Our statute on the subject requires an in camera hearing concerning the admissibility and voluntariness of a confession only when the issue is raised by the defendant and the determination is to be made before admitting the confession into evidence. Ark. Stat. Ann. § 43-2105 (Repl. 1977). Cf. Hill v. State, 250 Ark. 812, 467 S.W. 2d 179. When the question of voluntariness of a confession was raised in Bivens v. State, 242 Ark. 362, 413 S.W. 2d 653, we applied the general rule that an alleged error in a felony case of a degree less than capital cannot be considered by this court in the absence of an objection calling for a ruling by the trial court. We also applied the rule that an objection first made in a motion for new trial was not sufficient. We there pointed out that we had held that a party should not be permitted to speculate upon the testimony of witnesses and then, at the end of the trial, demand that incompetent testimony be excluded.
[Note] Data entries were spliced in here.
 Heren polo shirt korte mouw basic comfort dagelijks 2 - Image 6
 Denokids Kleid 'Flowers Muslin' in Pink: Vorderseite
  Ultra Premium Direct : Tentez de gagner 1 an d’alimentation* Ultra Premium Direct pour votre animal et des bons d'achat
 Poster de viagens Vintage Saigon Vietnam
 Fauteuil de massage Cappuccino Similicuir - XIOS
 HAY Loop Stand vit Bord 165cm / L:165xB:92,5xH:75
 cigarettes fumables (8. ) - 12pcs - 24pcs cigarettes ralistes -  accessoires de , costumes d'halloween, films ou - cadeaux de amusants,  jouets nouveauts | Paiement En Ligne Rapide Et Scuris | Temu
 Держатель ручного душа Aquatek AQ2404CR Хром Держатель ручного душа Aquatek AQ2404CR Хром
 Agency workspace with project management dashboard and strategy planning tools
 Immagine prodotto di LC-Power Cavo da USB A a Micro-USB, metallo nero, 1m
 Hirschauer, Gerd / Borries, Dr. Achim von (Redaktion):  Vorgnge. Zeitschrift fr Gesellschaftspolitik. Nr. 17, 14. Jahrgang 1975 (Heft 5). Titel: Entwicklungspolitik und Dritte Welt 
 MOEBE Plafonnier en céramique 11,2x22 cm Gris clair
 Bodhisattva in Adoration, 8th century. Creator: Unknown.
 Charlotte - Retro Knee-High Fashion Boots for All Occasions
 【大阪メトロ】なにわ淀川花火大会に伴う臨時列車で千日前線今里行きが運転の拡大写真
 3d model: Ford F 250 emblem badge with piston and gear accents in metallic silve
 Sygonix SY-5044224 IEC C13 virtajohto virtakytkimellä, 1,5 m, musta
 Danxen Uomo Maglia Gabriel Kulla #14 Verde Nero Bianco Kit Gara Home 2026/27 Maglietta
Similarly, it was stated in Wainwright that failure to give regard to a contemporaneous objection rule might encourage “sandbagging” on the part of defense lawyers by taking a chance on a favorable result and subsequently raising the constitutional claim if the initial gamble did not pay off. We do not mean to intimate that trial counsel in this case was con*205sciously guiity of such a tactic. It is sufficient to state that no valid reason for failure to make a contemporaneous objection or motion to strike has been demonstrated, even in the post-trial motion.

The judgment is affirmed.

We agree.

Harris, C.J., and Byrd and Hickman, JJ.